== SUPPLIED MATERIAL

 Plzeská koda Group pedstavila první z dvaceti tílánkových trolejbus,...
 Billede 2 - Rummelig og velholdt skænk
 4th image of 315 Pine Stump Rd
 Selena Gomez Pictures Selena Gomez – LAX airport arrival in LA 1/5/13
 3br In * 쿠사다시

====
== SUPPLIED MATERIAL

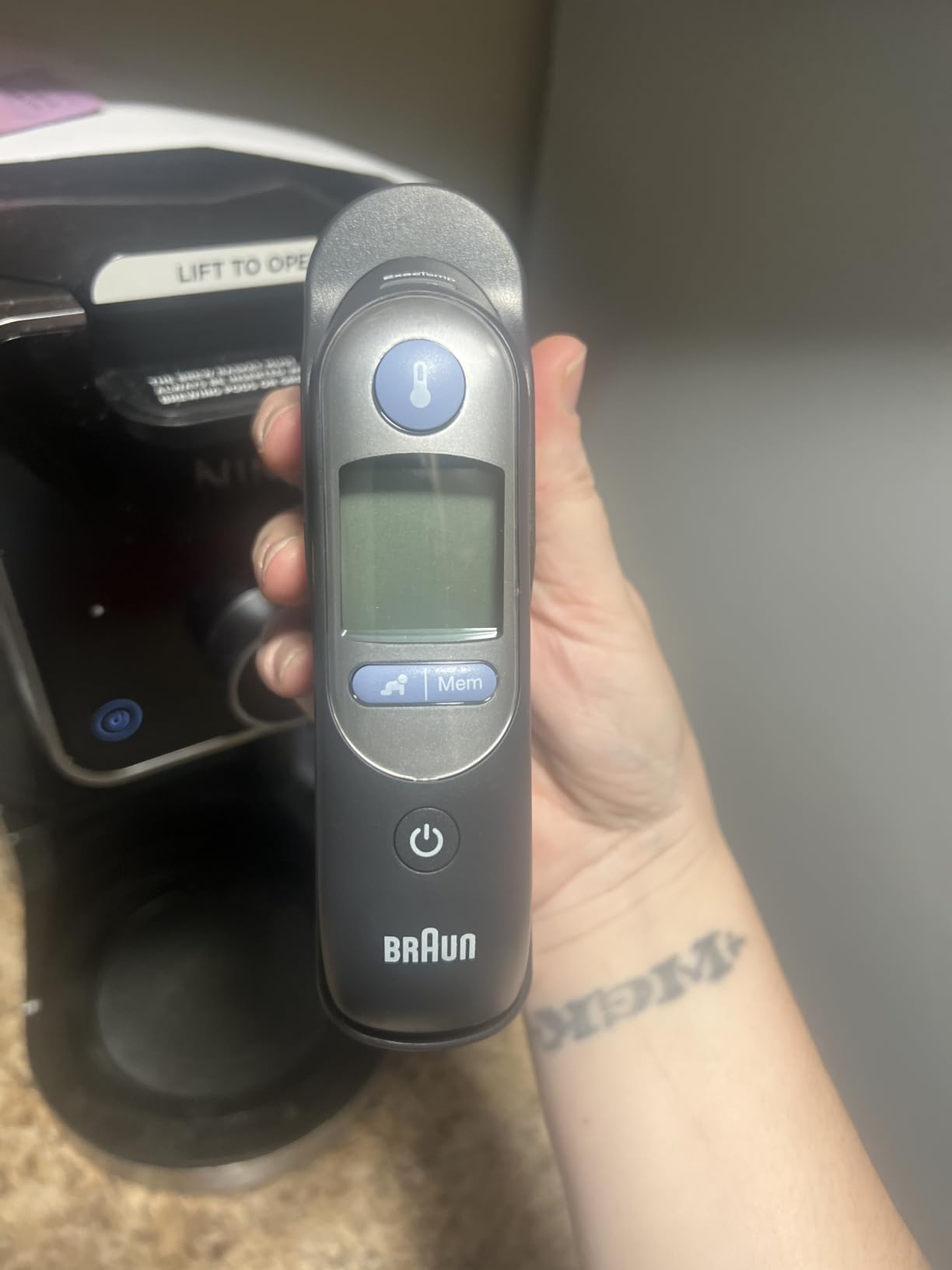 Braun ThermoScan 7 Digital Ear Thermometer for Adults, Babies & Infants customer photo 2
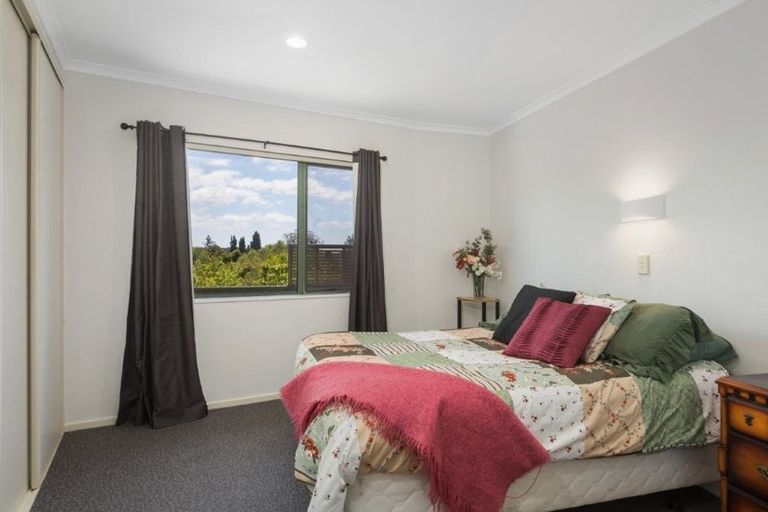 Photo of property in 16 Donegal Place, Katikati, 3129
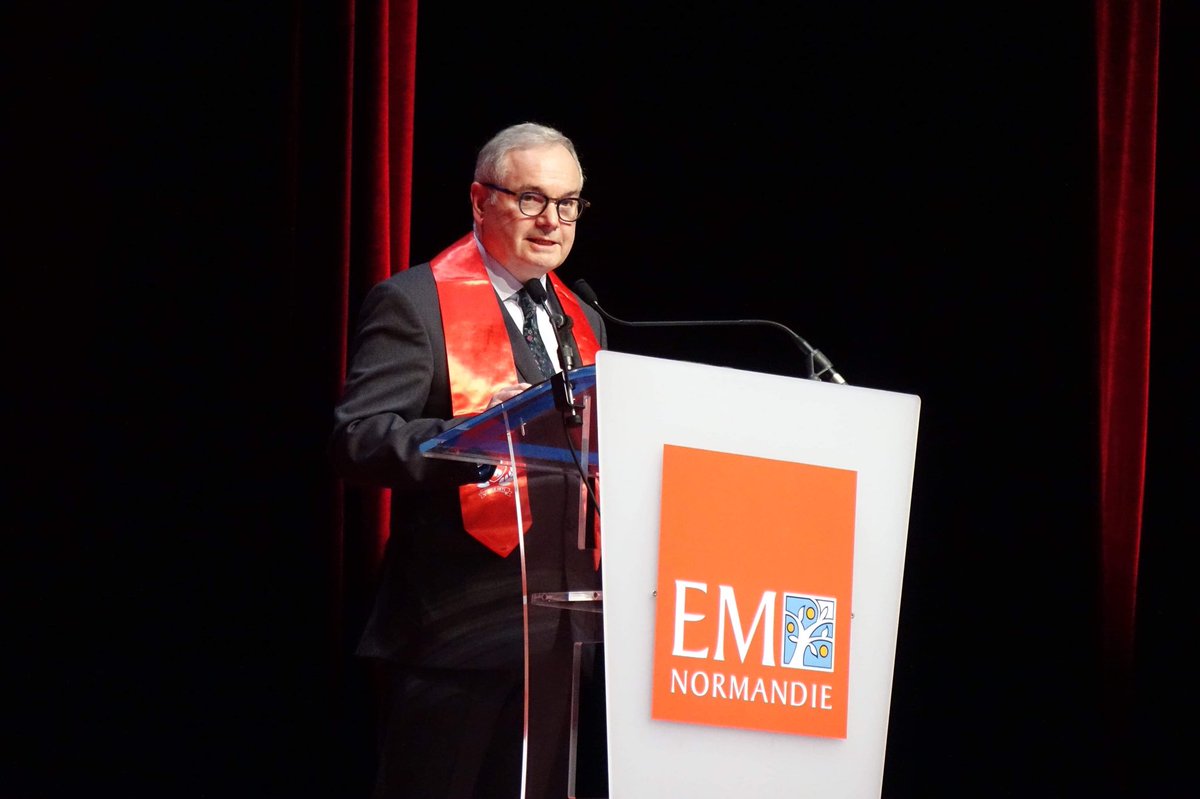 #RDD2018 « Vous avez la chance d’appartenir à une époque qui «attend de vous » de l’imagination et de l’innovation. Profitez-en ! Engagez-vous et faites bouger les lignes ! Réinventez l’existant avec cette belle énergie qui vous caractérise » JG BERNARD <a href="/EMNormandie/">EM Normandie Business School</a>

====

__WHAT THIS TASK INVOLVES__
Given the records above, return the lines starting at the one that holds "Braun ThermoScan 7" and ending at the one that holds "Normandie Business School</a>", exactly, and nothing besides; leave every picture out.

__WORKED SOLUTION__
 Braun ThermoScan 7 Digital Ear Thermometer for Adults, Babies & Infants customer photo 2
 Photo of property in 16 Donegal Place, Katikati, 3129
 #RDD2018 « Vous avez la chance d’appartenir à une époque qui «attend de vous » de l’imagination et de l’innovation. Profitez-en ! Engagez-vous et faites bouger les lignes ! Réinventez l’existant avec cette belle énergie qui vous caractérise » JG BERNARD <a href="/EMNormandie/">EM Normandie Business School</a>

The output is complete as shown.